2. Processing of Personal Data.

   1. This DPA applies when Personal Data is Processed by Josys on behalf of Customer. As between Customer and Josys, at all times Customer will act as the “Controller” and Josyswill act as the “Processor” with respect to the Personal Data.

   2. The subject matter of the Processing under this DPA is Personal Data provided to Josys byCustomer and its Tenants in connection with the Services. The duration of the Processing under this DPA is for the term of this DPA and the Agreement. The purpose of the Processing of Personal Data under this DPA is for Josys to provide the Services to Customer. The nature of the Processing is the provision of the Services by Josys and as more specifically described in the Agreement. The type of data is the Personal Data uploaded to the Services by Customer and its Tenants at its sole discretion. The categories of Data Subjects may include, but is not limited to employees, contractors, agents, advisors and agents (who are natural persons) of Customer, Tenant and its service providers.

   3. Customer shall, in its use of the Services, Process Personal Data in accordance with the requirements of applicable Data Protection Laws, including any applicable requirement to provide notice to, or obtain the consent of, Data Subjects of the use of Josys as Processor. Customer shall have sole responsibility for the accuracy, quality, and legality of Personal Data and the means by which Customer acquired Personal Data.

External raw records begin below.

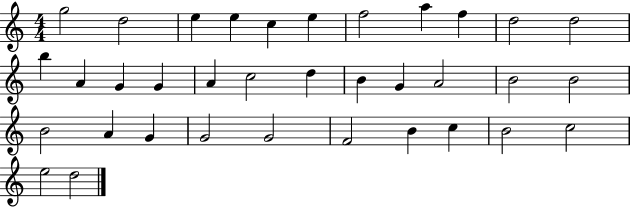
{
  \clef treble
  \numericTimeSignature
  \time 4/4
  \key c \major
  g''2 d''2 | e''4 e''4 c''4 e''4 | f''2 a''4 f''4 | d''2 d''2 | \break b''4 a'4 g'4 g'4 | a'4 c''2 d''4 | b'4 g'4 a'2 | b'2 b'2 | \break b'2 a'4 g'4 | g'2 g'2 | f'2 b'4 c''4 | b'2 c''2 | \break e''2 d''2 | \bar "|."
}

   4. Josys shall Process Personal Data received from Customer as a Processor only for the purposes described in the Agreement and as necessary to perform its obligations under the Agreement and strictly in accordance with the documented instructions of Customer except where otherwise required by any applicable Data Protection Laws.

   5. Josys agrees and certifies that it shall not collect, use, or retain Personal Data except to perform the obligations of the Agreement and will not “sell” or “share” Personal Data (as the terms “sell” and “share” are defined under the CCPA.

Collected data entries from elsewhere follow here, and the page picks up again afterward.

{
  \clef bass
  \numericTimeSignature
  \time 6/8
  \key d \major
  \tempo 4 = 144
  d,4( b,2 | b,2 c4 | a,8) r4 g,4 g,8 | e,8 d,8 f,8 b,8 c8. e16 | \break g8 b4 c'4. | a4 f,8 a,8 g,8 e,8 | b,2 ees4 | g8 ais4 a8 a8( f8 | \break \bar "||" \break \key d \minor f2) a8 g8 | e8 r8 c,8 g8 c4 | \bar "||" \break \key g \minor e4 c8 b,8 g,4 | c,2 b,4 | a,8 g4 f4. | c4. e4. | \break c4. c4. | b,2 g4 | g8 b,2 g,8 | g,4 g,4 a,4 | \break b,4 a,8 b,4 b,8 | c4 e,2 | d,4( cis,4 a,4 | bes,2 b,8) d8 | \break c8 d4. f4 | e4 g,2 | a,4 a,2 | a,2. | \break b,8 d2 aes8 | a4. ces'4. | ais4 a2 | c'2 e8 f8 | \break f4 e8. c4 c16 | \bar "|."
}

3. Restricted Transfers of Personal Data.

   Josys shall not make international transfers of Personal Data, unless it takes such measures as are necessary to ensure the transfer is in compliance with applicable Data Protection Laws.

   1. Japan Transfers. In the event of a Restricted Transfer of Personal Data from Japan, the EU SCCs will apply and form part of this DPA. For purposes of the EUSCCs, they will be deemed completed as follows:

      • Where Customer acts as a Controller and Josys acts as a Processor, Module 2 applies.

      • Where Customer acts as a Processor and Josys acts as a Subprocessor, Module 3 applies.

      • Customer is the “data exporter” and Josys is the “data importer”;

      • Where applicable the following applies as to the EU SCCs:

        • the optional docking clause in Clause 7 does not apply;

        • in Clause 9, Option 2 will apply, the minimum period for prior notice of a new Subprocessor shall be 30 days, and Josys shall fulfill its notification obligations by notifying Customer of any new Subprocessor in accordance with this DPA;

        • in Clause 11, the optional language does not apply;

        • in Clause 13, all square brackets are removed with the text meaning;

        • in Clause 17, Option 1 will apply, and the EU SCCs will be governed by Japan law;

        • in Clause 18(b), disputes will be resolved before the courts of Japan;

        • Annex A of this DPA (Subject Matter and Details of Processing) and/or the order form contains the information required in Annex 1of the EU SCCs, and,

        • Annex B of this DPA (Technical and Organization Measures) contains the information required in Annex 2 of the EU SCCs.

   2. EU Transfers. In the event of a Restricted Transfer of Personal Data from the European Economic Area, the EU SCCs will apply and form part of this DPA. For purposes of the EUSCCs, they will be deemed completed as follows:

      • Where Customer acts as a Controller and Josys acts as a Processor, Module 2 applies.

      • Where Customer acts as a Processor and Josys acts as a Subprocessor, Module 3 applies.

      • Customer is the “data exporter” and Josys is the “data importer”;

      • Where applicable the following applies as to the EU SCCs:

        • the optional docking clause in Clause 7 does not apply;

        • in Clause 9, Option 2 will apply, the minimum period for prior notice of a new Subprocessor shall be 30 days, and Josys shall fulfill its notification obligations by notifying Customer of any new Subprocessor in accordance with this DPA;

        • in Clause 11, the optional language does not apply;

        • in Clause 13, all square brackets are removed with the text meaning;

        • in Clause 17, Option 1 will apply, and the EU SCCs will be governed by Irish law;

        • in Clause 18(b), disputes will be resolved before the courts of Ireland;

        • Annex A of this DPA (Subject Matter and Details of Processing) and/or the order form contains the information required in Annex 1of the EU SCCs, and,

        • Annex B of this DPA (Technical and Organization Measures) contains theinformation required in Annex 2 of the EU SCCs.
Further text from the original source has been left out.